Closed f0k closed 5 years ago

f0k commented 5 years ago

The API currently favors inheritance over composition. For example, Melspectrogram extends Spectrogram, and melspectrogram calls spectrogram. In a similar way, MFCC would extend Melspectrogram.

This means, for example, that one cannot reuse the Melspectrogram implementation to work on a custom STFT class. I don't have a specific use case in mind, just a sense of a missed opportunity.

The alternative would be to have the STFT class, a ComplexMagnitude class, a MelFilterbank class (to be derived from a generic Filterbank class with corresponding defaults), and a DCT class, and have convenience functions such as spectrogram and mfcc that return a nn.Sequential composition of the models.

What do you think?

keunwoochoi commented 5 years ago

I think that's a great idea, actually that's also closer to our original idea - to have MelFilterbank class but I didn't come up with composing them. Which sounds even better.
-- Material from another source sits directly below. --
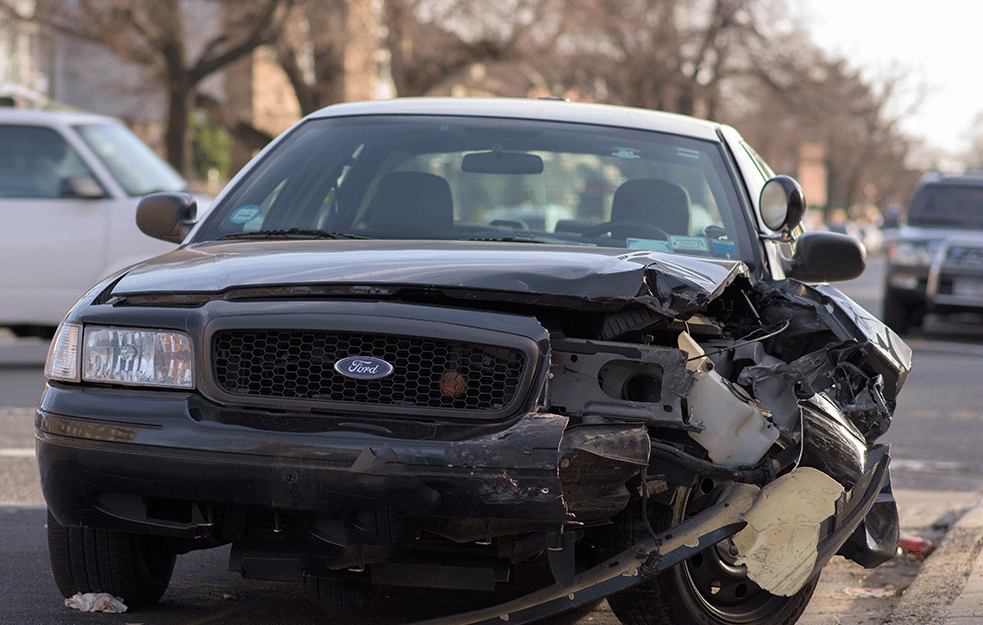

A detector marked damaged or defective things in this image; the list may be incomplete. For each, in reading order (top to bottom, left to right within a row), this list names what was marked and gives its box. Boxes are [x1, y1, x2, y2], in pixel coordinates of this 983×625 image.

crumpled hood [111, 240, 748, 314]
broken plastic fragment [65, 592, 128, 612]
faroit commented 5 years ago

yes, we discussed this before but didn't think that far ;-) I like your alternative as it would make separation/spectogram filtering tasks more elegant such as

X = stft(x)
Y_hat = model(spectrogram(X))

have convenience functions such as spectrogram and mfcc that return a nn.Sequential composition of the models.
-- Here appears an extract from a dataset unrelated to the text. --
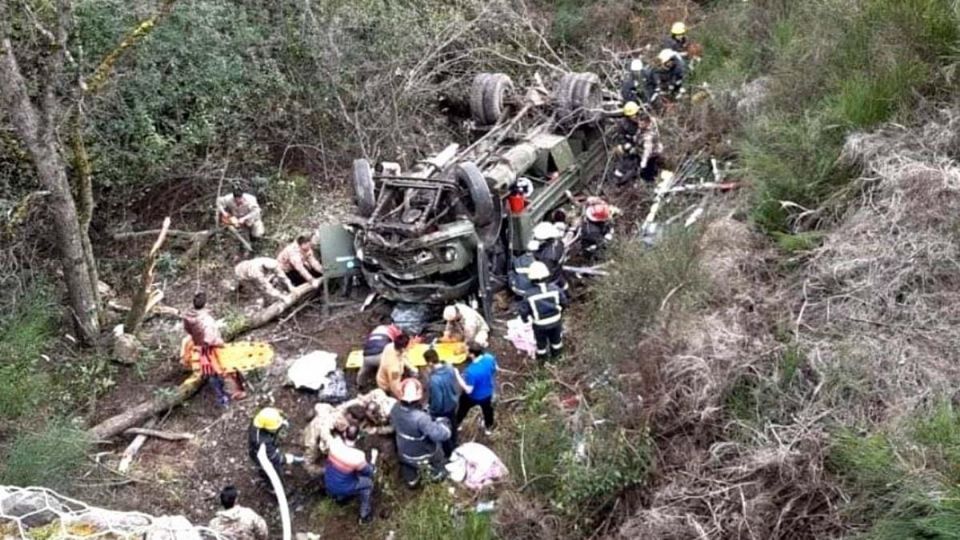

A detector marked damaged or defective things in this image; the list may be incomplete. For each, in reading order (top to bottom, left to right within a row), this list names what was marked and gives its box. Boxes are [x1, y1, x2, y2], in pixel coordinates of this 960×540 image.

yes, sounds really nice, indeed. However it would add a lot of overhead, when eg. spectrogram(X) just would return the modulus, no?

ksanjeevan commented 5 years ago

Cool! having composition would also make adding the phase vocoder easier.

f0k commented 5 years ago

I like your alternative as it would make separation/spectogram filtering tasks more elegant

Ah yes, of course, that's a good use case. Sometimes you will want to have both the complex and the magnitude spectrogram, or both the full and the mel-scaled spectrogram, so it's good to have the transformations available separately.

X = stft(x)
Y_hat = model(spectrogram(X))

I assume you're talking of the functional interface now. It would still be X = spectrogram(x), but also enable X = magnitude(stft(x)) or X = power(stft(x)).

For the nn.Module interface, we would have convenience functions like:

def melspectrogram(all, the, parameters):
    return nn.Sequential([STFT(some, parameters), Magnitude(), MelFilterbank(some, other, parameters)])

Or maybe:

def melspectrogram(all, the, parameters):
    return nn.Sequential([spectrogram(some, parameters), MelFilterbank(some, other, parameters)])

Hmm, the compositions will become a bit deep when they each wrap one more nn.Sequential. I guess I'm still thinking too much in terms of Lasagne :) So maybe it should be:

def melspectrogram(all, the, parameters):
    result = spectrogram(some, parameters)
    result.add_module(MelFilterbank(some, other, parameters))
    return result

(It's a pity that add_module() does not return self.)